Na enkele sessies was ze niet tevreden met haar bereikte resultaat. Ze was teruggevallen in haar oude patroon van dingen half afmaken en uitstellen. Een nieuwe sessie werd gepland waarin we haar planning in nog meer detail gingen uitwerken. “De rest kan ik zelf wel afmaken” zei ze aan het einde van de werksessie. We maakten een nieuwe afspraak voor een aantal weken later.

Deze werksessie was drie weken geleden. “Ik heb niets gedaan met hetgeen we de vorige keer besproken hebben.” zei ze met een schuldgevoel in haar stem. “Waarom heb je me niet gebeld, zoals afgesproken?” vroeg ik haar. “Ik vond dat ik het zelf moest kunnen en heb het laten liggen” was haar reactie.
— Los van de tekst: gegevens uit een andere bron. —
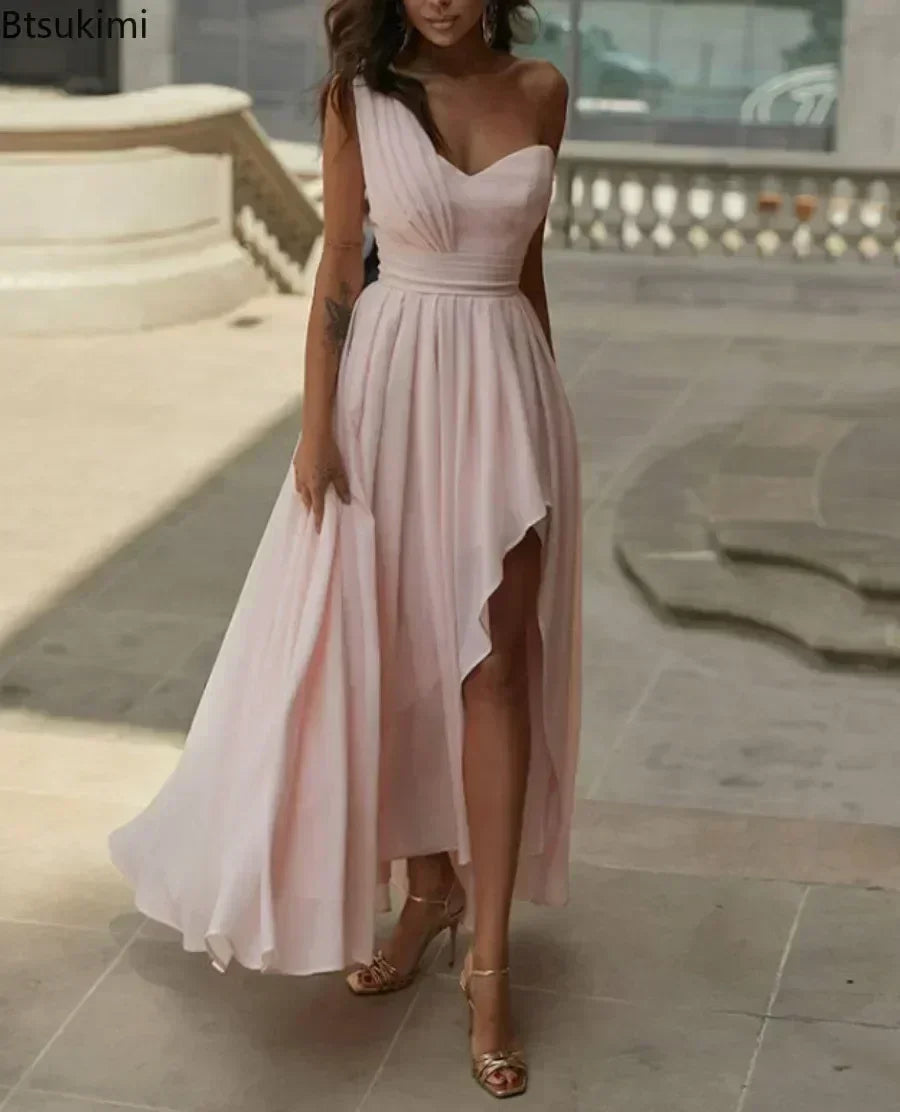 2025 Women's Sexy Evening Party Dress Chic Gala Graduation Dresses Luxury Formal Occasion Bridesmaid Gown Dress Female Vestidos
We besloten de eerder besproken werkplanning samen stap voor stap door te nemen en in haar digitale agendasysteem te zetten. Vervolgens spraken we af dat ik haar drie weken later zou bellen, vandaag dus.

Toen ik haar vandaag belde en vroeg hoe het ging met haar planning antwoordde ze: “Het gaat eigenlijk redelijk goed”. Dat vond ik vaag klinken en vroeg door naar details. “Ik heb mijn werk af voordat ik naar huis ga en ben dan klaar. De werkplanning staat nu in mijn agenda. Dat is visueel, het helpt me dat het er staat. Ik weet wat ik moet doen en doe het nu ook! Ik ben er heel blij mee” antwoordde ze krachtig. “Dat klinkt als een doorbraak” zei ik. “Ja, inderdaad. Een doorbraak! Ik heb nu een stramien waar ik me aan kan vasthouden” ze3i Ellen. Vervolgens vertelde ze dat ze nu drie weken vakantie heeft en het werk echt kan loslaten.

Met een goed gevoel beëindigde ik het gesprek en voelde de doorbraak die Ellen gehad heeft. Dit is waar mijn werk over gaat. Organiseren werkt!